▸ TO DO
For the data below, retype word for word the lines from the one containing "a group of people" through the one containing "leopard growling tattoo design idea"; drop the pictures.

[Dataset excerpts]

⁂

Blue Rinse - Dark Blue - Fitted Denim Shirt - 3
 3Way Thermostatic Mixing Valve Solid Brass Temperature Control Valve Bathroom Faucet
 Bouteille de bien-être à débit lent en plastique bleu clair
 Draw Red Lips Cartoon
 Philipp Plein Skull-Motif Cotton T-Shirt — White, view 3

⁂

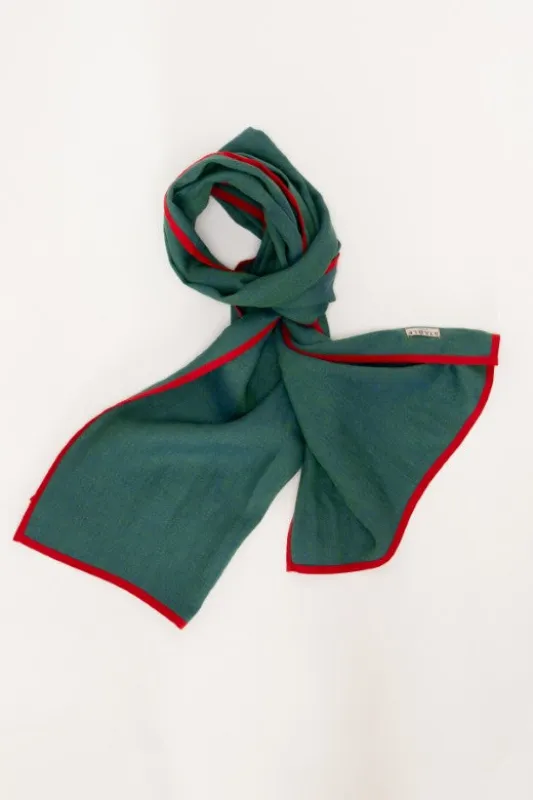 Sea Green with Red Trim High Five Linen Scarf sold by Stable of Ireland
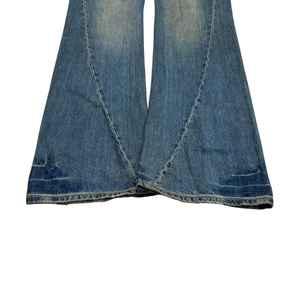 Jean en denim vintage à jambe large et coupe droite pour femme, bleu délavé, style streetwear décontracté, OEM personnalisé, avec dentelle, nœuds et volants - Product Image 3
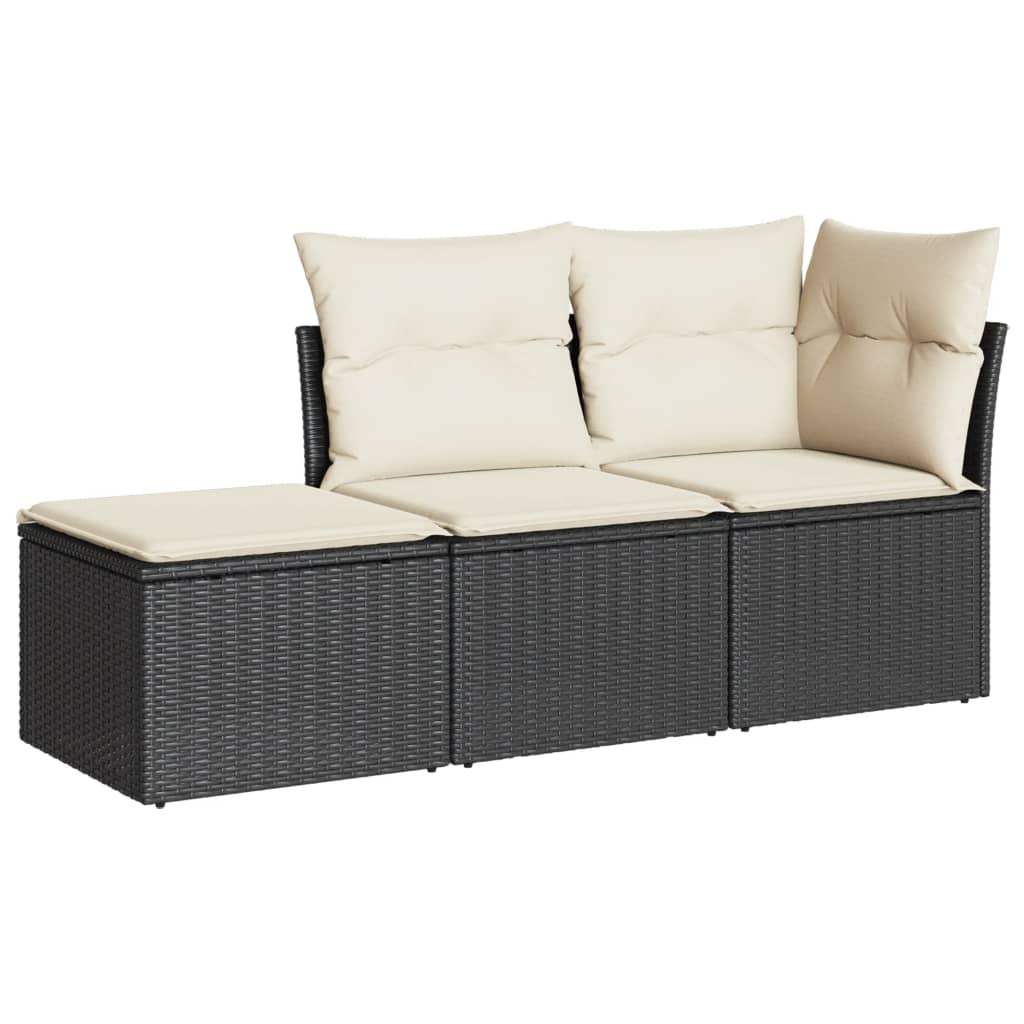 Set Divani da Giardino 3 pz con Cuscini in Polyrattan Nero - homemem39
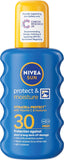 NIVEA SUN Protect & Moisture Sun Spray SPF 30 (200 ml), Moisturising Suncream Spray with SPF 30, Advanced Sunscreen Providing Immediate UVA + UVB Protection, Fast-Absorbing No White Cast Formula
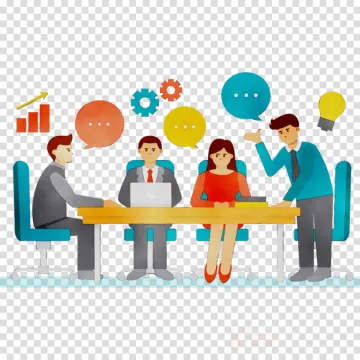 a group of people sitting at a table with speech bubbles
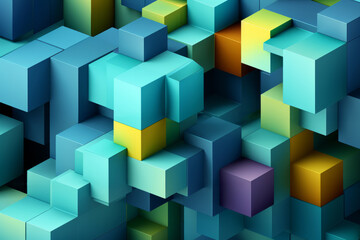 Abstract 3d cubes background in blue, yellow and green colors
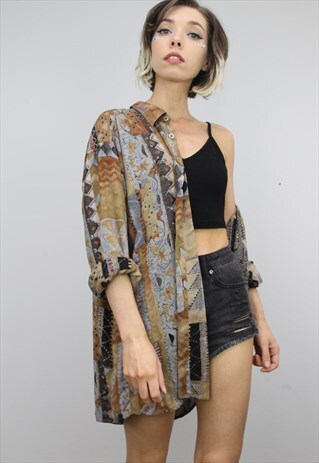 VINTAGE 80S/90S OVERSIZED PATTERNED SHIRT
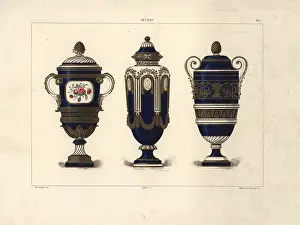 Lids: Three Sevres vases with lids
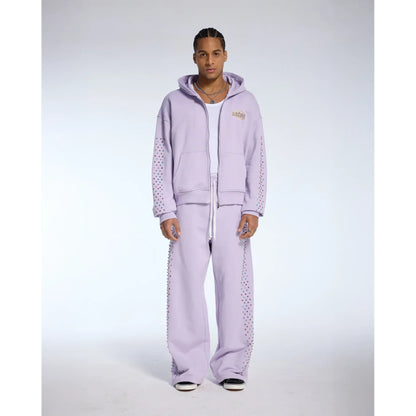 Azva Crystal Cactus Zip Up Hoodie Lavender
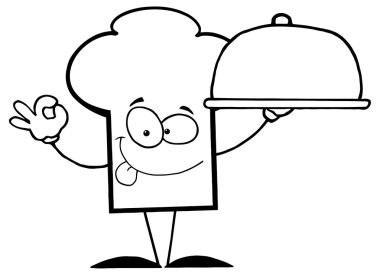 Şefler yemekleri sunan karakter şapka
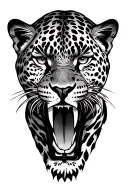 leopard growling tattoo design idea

⁂

▸ ANSWER SECTION
 a group of people sitting at a table with speech bubbles
 Abstract 3d cubes background in blue, yellow and green colors
 VINTAGE 80S/90S OVERSIZED PATTERNED SHIRT
 Lids: Three Sevres vases with lids
 Azva Crystal Cactus Zip Up Hoodie Lavender
 Şefler yemekleri sunan karakter şapka
 leopard growling tattoo design idea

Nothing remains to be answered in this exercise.